When we choose a sacrificial lifestyle we gain Christ himself. It must be worth it all!

“Lord Jesus, help me to burn my ploughs, to carry my cross and to follow you with abandon. Help me to deny myself for the sake of knowing you more deeply. May you be first in my heart. Amen.”


#JesusChallege: Day 5

If I look back on my own journey with God so far I can so clearly see the hand of God in so many moments. There have been many lows. Times when hope was scarce and darkness surrounded. Other times have been times of growth and fullness. At the moment, as we transition from what has been to what will be, there are also ups and downs, with days of certainty and a few of doubt.

However, today as I asked Jesus to speak to me I was aware of his grace. His patience with me, even when I was getting it wrong. His forgiveness when I messed it all up. Today I am reminded of the many second chances I have had. My heart was full of gratitude for what God has done in my life, changing my story and bearing with me. Today, I am thankful.

I would also encourage to take a moment of look back. Identify the times when God’s grace upheld you and when his forgiveness made you whole. Look back… you may find that God’s grace was evident even when you did not notice at the time. The old hymn by Johnson Oatman Jr. sung so many times in my childhood tells us to count our blessings…

When upon life’s billows you are tempest-tossed,
When you are discouraged, thinking all is lost,
Count your many blessings, name them one by one,
And it will surprise you what the Lord has done

Count your blessings, name them one by one,
Count your blessings, see what God has done!
Count your blessings, name them one by one,
*Count your many blessings, see what God has done.
[*And it will surprise you what the Lord has done.]

Today I am learning to remember the times Jesus held on to me, even when I wandered away. Today I am learning that gratitude is a key feature of an abundant life. Today I am reminded to thank God for his grace.

“Jesus, thank you for Grace! Amen.”

#JesusChallenge: Day 4

Today at “House 244” (the CMS community house we are living in here in Oxford) we gathered as a community to share prayer needs and pray for one another. There were about 7 of us there and we each shared what is going on in our lives at the moment, some of the challenges as well as blessings. It was a really special time of prayer. It made me think how important it is for us to have other people to share our journey of faith with. It made me appreciate this season more as well, and the privilege to have a community around us as a family.

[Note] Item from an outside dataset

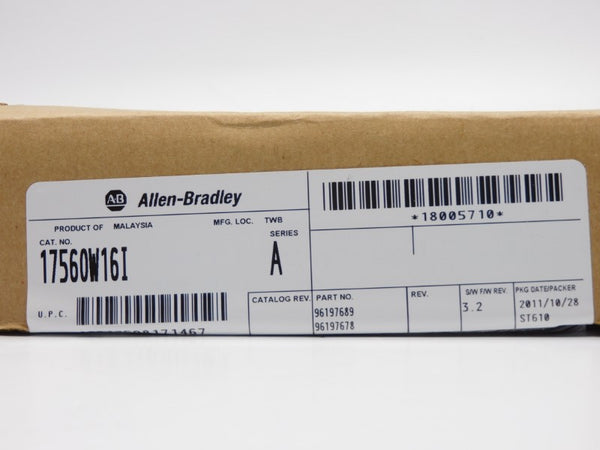ALLEN BRADLEY 1756-OW16I SER. A F/W 3.2 DATE: 2011 NSFS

It can be really hard sometimes to go through stuff on our own. When I was 17 years old, having moved to the UK, I found myself all alone in big scary London. I attended English classes and worked in central London. Nothing glamorous… I cleared tables at a busy Italian restaurant in Covent Garden and coveted the food leftover in people’s plates. Money was so tight that after I had paid for my weekly rent and bus pass there was very little left (£8.50 to be exact). Sometimes I had to steal potatoes from work as I could not afford dinner.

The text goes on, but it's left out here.